The USS Fort Worth joins the USS Sampson, which was tapped on Monday to help look for the Airbus A-320. It was carrying 162 passengers when it disappeared from radar screens minutes after the pilot requested an altitude change because of the weather conditions.

Both ships carry technology that will help in recovery efforts of the downed airliner.

"They may have what we call a remotely operated vehicle or an ROV," said Sean Newsome of SeaBotix.

Newsome is the Global Business Development Manager for SeaBotix, the San Diego-based company that makes the underwater device.

"These are basically a helicopter you think of that flies underwater," said Newsome.

The ROVs are equipped with cameras, lights, depth indicators and a tracking system. Its main job is to find and observe things.

"So we might say, ‘That looks like a section of the fuselage, let's go down and mark that or see what we can find,’" said Newsome.

The wreckage must first be recovered before the ROVs are sent in.  Task crews are currently trying to accomplish that using a side scan sonar.

"They're pulled behind a ship and they have very sensitive sonar equipment," said Werner Kurn, CEO of Ocean Enterprises.

Ocean Enterprises is a San Diego-based company that specializes in scuba diving equipment but also sells sonar technology.
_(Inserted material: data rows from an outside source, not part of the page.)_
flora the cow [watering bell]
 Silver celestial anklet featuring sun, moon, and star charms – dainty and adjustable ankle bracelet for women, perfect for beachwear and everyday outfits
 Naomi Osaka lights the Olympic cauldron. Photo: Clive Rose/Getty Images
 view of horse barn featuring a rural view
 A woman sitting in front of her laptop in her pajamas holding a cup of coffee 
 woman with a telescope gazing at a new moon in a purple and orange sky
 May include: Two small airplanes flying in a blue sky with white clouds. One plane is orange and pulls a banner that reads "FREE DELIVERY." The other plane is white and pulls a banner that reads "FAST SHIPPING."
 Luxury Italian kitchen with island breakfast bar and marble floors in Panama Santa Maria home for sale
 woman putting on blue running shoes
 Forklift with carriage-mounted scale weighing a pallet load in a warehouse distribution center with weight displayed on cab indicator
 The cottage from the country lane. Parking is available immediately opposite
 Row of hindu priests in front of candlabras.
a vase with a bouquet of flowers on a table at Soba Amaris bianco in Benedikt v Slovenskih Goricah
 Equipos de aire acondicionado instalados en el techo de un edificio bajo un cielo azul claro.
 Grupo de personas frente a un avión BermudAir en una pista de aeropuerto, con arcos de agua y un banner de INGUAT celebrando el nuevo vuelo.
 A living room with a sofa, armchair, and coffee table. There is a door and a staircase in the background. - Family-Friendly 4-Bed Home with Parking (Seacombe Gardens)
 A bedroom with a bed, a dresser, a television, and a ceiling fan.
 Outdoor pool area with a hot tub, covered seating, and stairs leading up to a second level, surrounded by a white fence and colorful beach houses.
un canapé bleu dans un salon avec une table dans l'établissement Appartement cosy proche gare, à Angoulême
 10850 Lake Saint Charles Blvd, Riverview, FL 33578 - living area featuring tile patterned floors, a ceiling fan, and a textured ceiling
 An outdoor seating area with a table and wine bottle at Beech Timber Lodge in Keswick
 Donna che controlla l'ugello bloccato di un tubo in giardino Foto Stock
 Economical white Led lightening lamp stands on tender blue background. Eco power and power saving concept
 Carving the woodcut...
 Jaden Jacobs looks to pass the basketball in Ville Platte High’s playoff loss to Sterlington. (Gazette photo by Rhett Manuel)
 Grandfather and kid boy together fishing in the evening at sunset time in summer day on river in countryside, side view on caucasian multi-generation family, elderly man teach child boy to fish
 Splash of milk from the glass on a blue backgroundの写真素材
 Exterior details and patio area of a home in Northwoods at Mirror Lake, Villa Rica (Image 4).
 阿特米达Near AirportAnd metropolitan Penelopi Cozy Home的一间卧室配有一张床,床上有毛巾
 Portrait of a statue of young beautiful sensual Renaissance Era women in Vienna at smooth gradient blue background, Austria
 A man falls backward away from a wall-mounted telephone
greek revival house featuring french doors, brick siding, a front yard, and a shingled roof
"If we pull a side scan sonar over this transponder, the side scan sonar will recognize the beep and tell us there's an object down there," said Kurn.

The transponder is the locator on the plane's black box.  Search crews are now in a race against time to find it, since it usually has a life span of about two weeks.

The same type of sonar was used in the search for Malaysian Airlines Flight MH370, but it was unsuccessful in finding the wreckage.  Kurn said it would be a different story with AirAsia 8501.

"We know where it crashed because we're finding debris now," said Kurn. "Once they know the area, they just have to pull the side scan sonar and we'll find the black box and other equipment right away."

The aircraft was a little over 40 minutes into a flight to Singapore from Surabaya, Indonesia's second-largest city.  The pilot's request for a change in altitude was denied because six other airplanes were in the area at higher flight levels. No other communications were heard, according to news reports.

Earlier Tuesday, authorities announced that some bodies and debris from the jet were found at sea -- turning the mission from a rescue effort to a recovery one.

The Navy said it was Indonesian authorities who requested assistance.  The 509-foot Sampson, which left San Diego Oct. 31 on an independent deployment, is a destroyer carrying a detachment from Helicopter Maritime Strike Squadron 35, based at Naval Air Station North Island.

The 387-foot Fort Worth is one of the Navy's new littoral combat ships, which are designed for agility. It departed San Diego on Nov. 17 for its first deployment, a 16-month assignment in Southeast Asia.

At the time, Navy officials said the maiden deployment would include the first use of a drone helicopter aboard a deployed littoral combat ship. Besides the MQ-8B Fire Scout unmanned helicopter, the Fort Worth carries one MH-60R Seahawk chopper.